Morales has taken on the status quo in Hollywood with a flair he learned from his mother. He told the Puerto Rico Herald: “Inclusion in the media can only make our (hispanic) youth feel included in the general culture. If you see yourself excelling or at least people that look like you, there’s a greater chance you can see yourself going the same way. But if you only see yourself as being whisked away in handcuffs or treated as a sub-culture – or sub-human – that must have a tremendous impact on your youth’s self esteem.”

Like his mother he has a passion for political activism. A self-proclaimed activist or “actor-vist”, he has lent his name, time, leadership and financial assistance to this cause and various other causes and charities close to his heart. He is a founding of E.C.O. (Earth Communications Office), which is a clearing house for environmental information. He has worked closely with the Wildlife Preservation Fund in Costa Rica and Health Education Aids Liaison (H.E.A.L.). As a spokesperson for the Center for Disease Control in Atlanta, he wrote and directed a public service announcement that retells his childhood experience with smoking.

“As a kid I used to hide my mother’s cigarettes, Morales tells USA Today. “I even took my mother’s cigarettes from her purse. I developed the idea of this Public Service Announcement out of that moment. I added a little twist to the (story). You think the boy is stealing from her purse when in fact he is trying to save his mother’s life.”
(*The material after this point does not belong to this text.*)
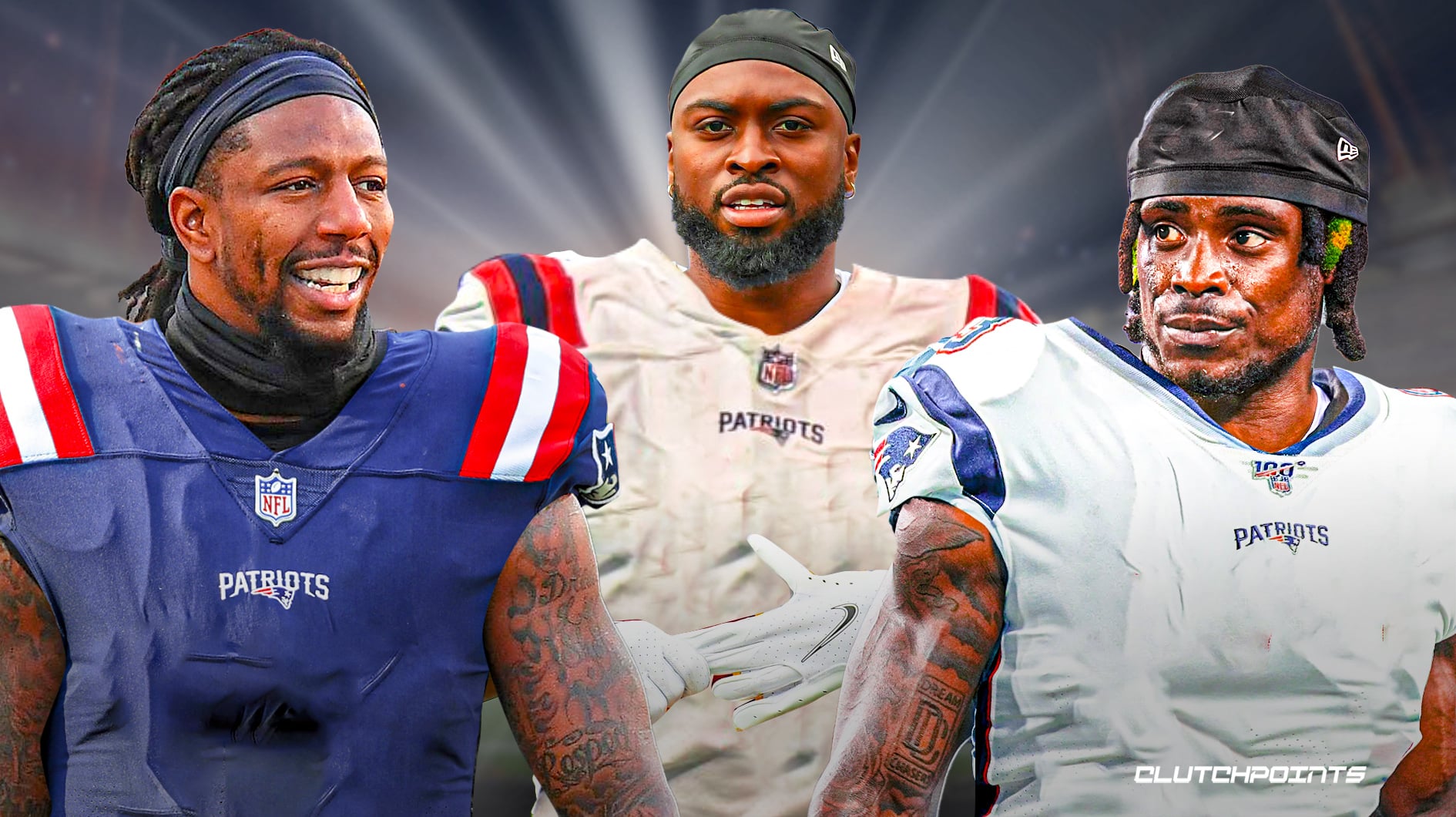 Patriots 3 best NFL free agents still available to round out roster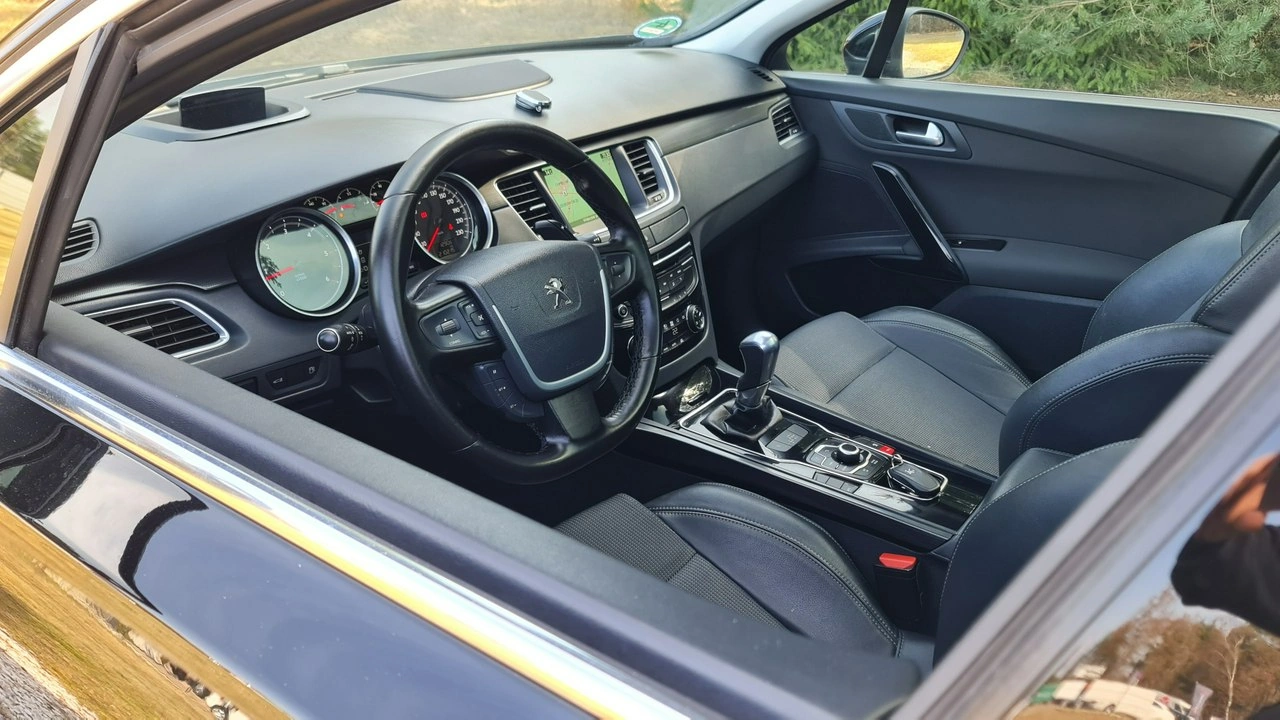 Peugeot 508 SW - Zdjęcie 10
“I’m honored to help the Hispanic community on this issue” says Morales. “I, myself, had a misguided 14th year. I smoked on and off for a few months until I got sick and had to quit. In the end, it’s all about personal responsibility.”

Morales says: "I allow myself to be used to draw attention (to good causes). I think that as an actor there’s too much focus paid on ‘what we’re wearing and who we’re doing’, quote, unquote. It’s just so superficial. It’s so empty. It’s so fluff entertainment. So I try to take some of that attention and refocus it where it belongs, which is, you know, issue-oriented things.”